In the last decade, there have been many research 
studies on genocide such as the paper “We Planted 
Rice and Killed People:” [7]. Woolford Andrew 
provides an overview of the connection between 
climate change and _ genocide intensity. As 
challenges such as migration, resource scarcity, and 
famine increase, there is a future risk that genocide 
may occur. The study states that the nature of 
genocide and its cultural or social values are 
inseparable. This study examines the relationship 
between the people and the consumption and 
cultivation of rice to highlight the consequences of 
the inseparable connection between social and 
natural death during the genocide. In 2021, Randall 
published the book: “Genocide and Gender in the 
Twentieth Century: A Comparative Survey” which 
examined the relationship between genocide and 
gender by acknowledging the difference in women’s 
and men’s experiences [8]. This study uses the 
concept of gender as a lens to understand genocide, 
which primarily focuses on ideologies and the 
intentions of regimes.
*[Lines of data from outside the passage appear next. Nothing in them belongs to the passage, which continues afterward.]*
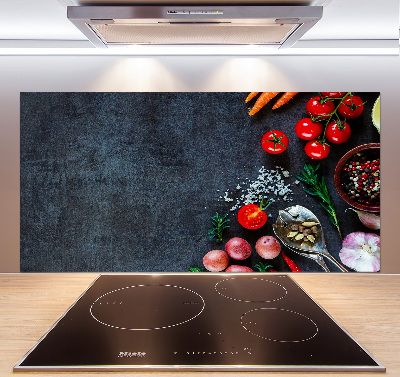 Spatplaat keuken Ingrediënten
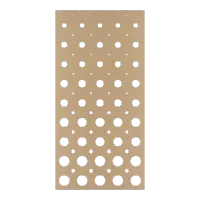 Celosía DMC023 – 120x240cm, Azul Jade, 9mm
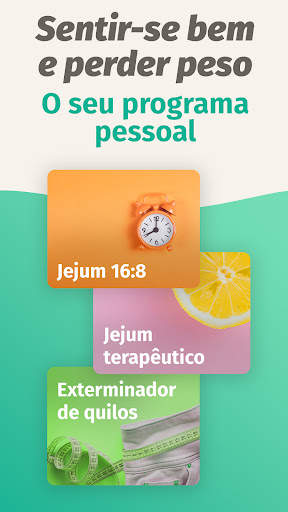 BodyFast Jejum Intermitente screenshot 2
As for predicting studies, a 
study titled, “A Two-Stage Approach to Predicting 
Genocide and Politicide Onset in a Global Dataset” 
produced a prototype model capable of forecasting 
genocide one year into the future using a global 
genocide dataset [9]. In 2023, Mitchell, S. M. 
conducted in-depth research on the identification of 
genocide risk factors to determine why leaders of 
some countries are likely to perform genocides [10]. 
This study uses the genocide that occurred in 
Rwanda and Burundi in the early 1990s. The 
research focuses on the content analysis of public 
statements. 


In addition, there is a few researches apply data 
analytics to genocide data represents a significant 
advancement in the fields of human rights and 
international security. Through the collection, 
analysis, and interpretation of relevant data, 
researchers aim to identify the patterns or signs of 
genocidal actions for example: 


Verdeja’s work examines the challenges and 
methodologies for forecasting genocidal violence 
and focuses on the risk assessment regarding a 
country’s long-term structural conditions such as 
regime type, and state-led discrimination [11]. 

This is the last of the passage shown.